Now that sounds pretty straightforward. After all, it’s a model we may well be accustomed to as consumers when we pay for metered water, electricity or phone calls. So why is this a growth market, providing opportunities for startups such as M3ter?
Parry says there are some helpful tailwinds in the market.
Product Led Growth
“The rise of product-led growth is helping,” he says. Over the past few years, it’s become easier – although by no means that easy – for vendors of all sizes to sell to enterprise customers by finding corners of the organization that are willing to try out a product, often on a free-trial or freemium basis. The idea is that once some people start using it, others within organizations will follow. A usage-based approach to pricing can be helpful, not least because it allows end users to scale up usage relatively easily.
Then there is the macro-economic situation. We are living through difficult economic times. Buyers of software products are looking more closely at pricing. In particular, they are looking for pricing models to suit their needs.
But here’s the question. Given that usage-based pricing is not in itself a new concept and that aforementioned utilities are among those who have been doing it for years, why don’t SaaS companies simply build their own billing systems?
Pain Points
Parry acknowledges that there is more than one way to create a usage-based offer. “You can build your own platform or do it using a spreadsheet,” he says. “And in the past companies have had to do it for themselves.”
But, he argues, it’s not easy to get right. When running a previous company – Gamespark – Parry says he and co-owner John Griffin dabbled with usage-based pricing but it was difficult to do. When the company was sold to Amazon, he worked at AWS (Amazon Web Services). Again, he says he saw difficulties implementing a usage-focused approach.
One of the major challenges, he says, is to ensure that everyone has the usage data. That includes, not only billing departments but also customer facing staff. “Anyone who speaks to customers needs to have the data at their fingertips,” he says. It also needs to be transparent for customers. Unless they know why they are being charged a certain amount, they may not be happy. So any system needs to combine usage and price data and distribute it to whoever wants and needs it. “If you make errors, you get revenue leakage and a poor customer experience.”
Strategic Pricing
There are of course non-technical challenges around pricing. It may well be the case, a vendor can charge on a usage basis, but is that actually what the bulk of customers want? A subscription-based approach may be a bit of a blunt instrument, but it is predictable. Finance department personnel can sleep easy knowing that costs aren’t going to jump because of a spike in users.
Bain’s report found 80 percent of users saying usage pricing delivers services that are better aligned in price terms to the value they receive. But it is important to get the model right. That could be simple as pay-as-you-go or a model that moves the end user through tiers of payment depending on activity.
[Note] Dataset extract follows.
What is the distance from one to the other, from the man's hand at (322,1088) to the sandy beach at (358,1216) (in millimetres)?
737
For his part, Parry acknowledges that he is not an expert in strategic pricing. The role of M3ter and its competitors is to provide their customers with the means to align pricing with the demands and requirements of users. Customers include Stedi, Sift and Clickhouse.
The Data opportunity
Parry also sees a data opportunity. Part of the Series A money will be spent on adding analytics features. As he sees it, the customer usage data can be deployed to underpin a huge amount of automated decision making around pricing.
Usage-based pricing is on the up. Parry says that in 2020, 34 percent of software companies used the model. Today it’s 61 percent. Uptake has been in part driven by the economic environment which has forced both users and vendors to focus on the cost equation. However, when the world economy improves, he believes the trend will continue.
For startup companies working in the software arena, the concept may help them with their product-led growth strategies. It also creates a growing market for flexible pricing enablers.